Common mistakes made while engaging in strength and resistance training

In continuation of the last health tip I decided to take this time a closer look at “common mistakes made while engaging in strength and resistance training”.

  1. Failure to prepare
    Choose exercises specifically helpful to your particular training goals. Therefore plan ahead when starting a strength training routine.
  2. Choosing the wrong intensity
    No matter what the goal of your routine, whether you want to increase muscular strength or strength endurance (fatigue resistance) you need to place the right amount of demand on the muscle trained.
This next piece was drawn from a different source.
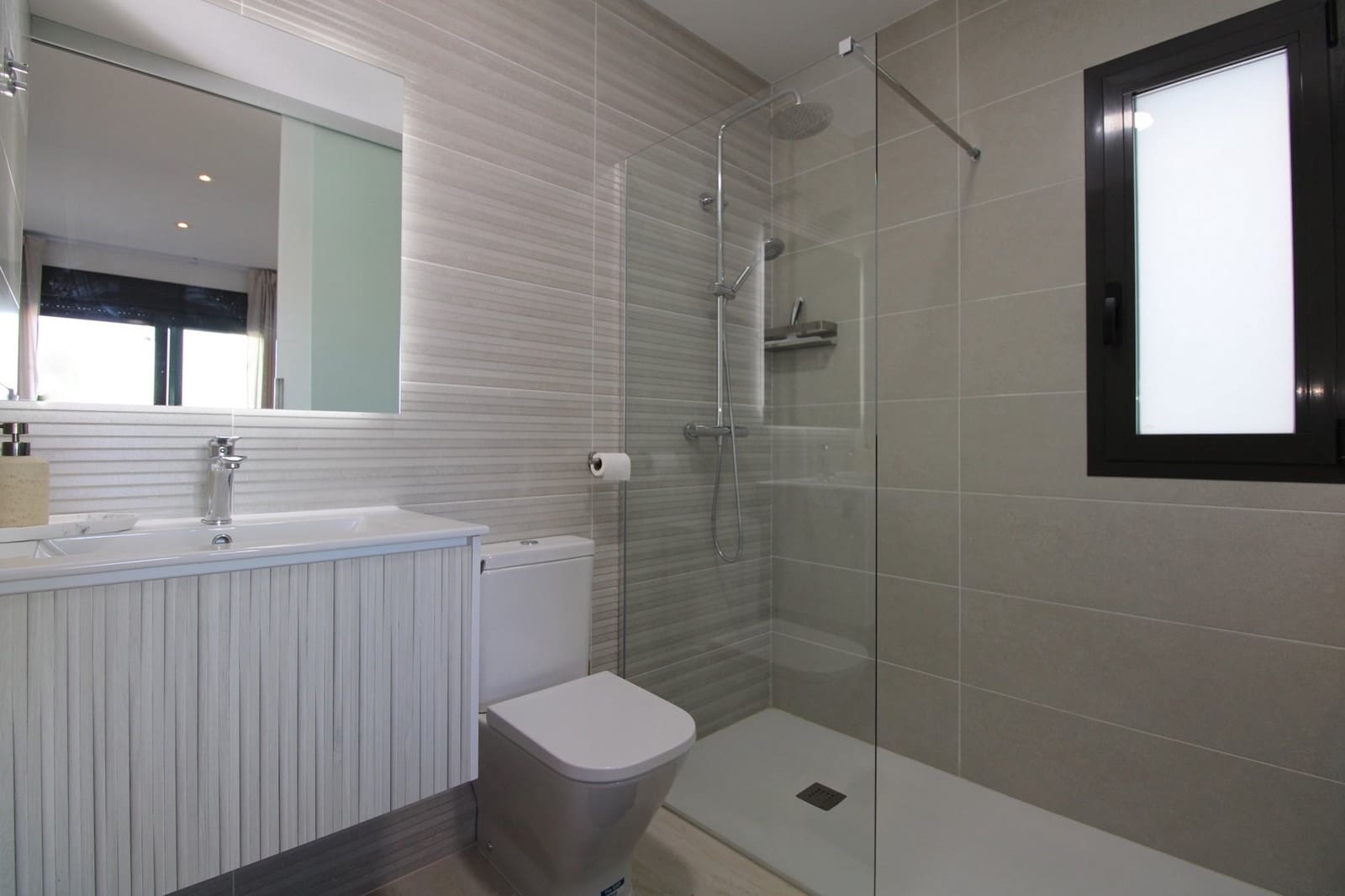 3 Zimmer Apartment zu verkaufen in Los Balcones mit Pool - 350.000 € (Ref: 9371817)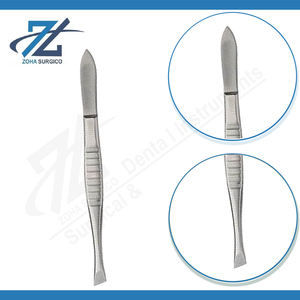 Pinzas de Depilación Manual de Alta Calidad, 89 mm, Mandíbula Oblicua, Acero Inoxidable Quirúrgico, Certificación CE, Uso en Cirugía General, Hecho en Pakistán - Product Image 3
The goal is to overload the muscle by using large workloads or through the number of sets and repetitions (work volume). Demanding less of your muscle than it can handle results in no or small gains. Too great of a demand can result in an incorrect performance of the exercise and expose you to an undue risk of injury.
  3. Ignoring the principal of “Super compensation”
    After overloading the muscle during strength training you need to give the muscles, ligaments and tendons the appropriate time for recovery. Too little time means the physiological adaptation (super compensation) to the training stimulus will not be complete (risk of over training). Too much time will lead to a reversal of the super compensation and a return to the level you started from. Typically we recommend strength training on 2-3 non-consecutive days per week.
  4. Too much too soon
    Successful strength training programs should be progressive in nature. As your muscle grows stronger and is able to handle larger work loads or work volumes you should increase the stress placed on the muscle if further gains are your goal. Ignoring the principal of gradual progression and starting to lift too much too soon can result in injury.
  5. Minimize the risks for failure and injury by:
    using proper technique when lifting, pulling or pushing a
    work load.
    Lift and lower the weight in a controlled fashion. Never “throw“ the weight!

    Synchronizing breathing and strength training. Remind yourself to exhale into the exertion part of the exercise, never hold your breath while strength training!

    maintaining the proportionate strength relationship of muscles that oppose each other (work on the same joint in opposite direction, i.e. biceps and triceps: one flexes the elbow the other extends the elbow). If this relationship looses it’ s relative strength balance the risk for injury increases!

I hope these tips will make your strength training safer and more effective.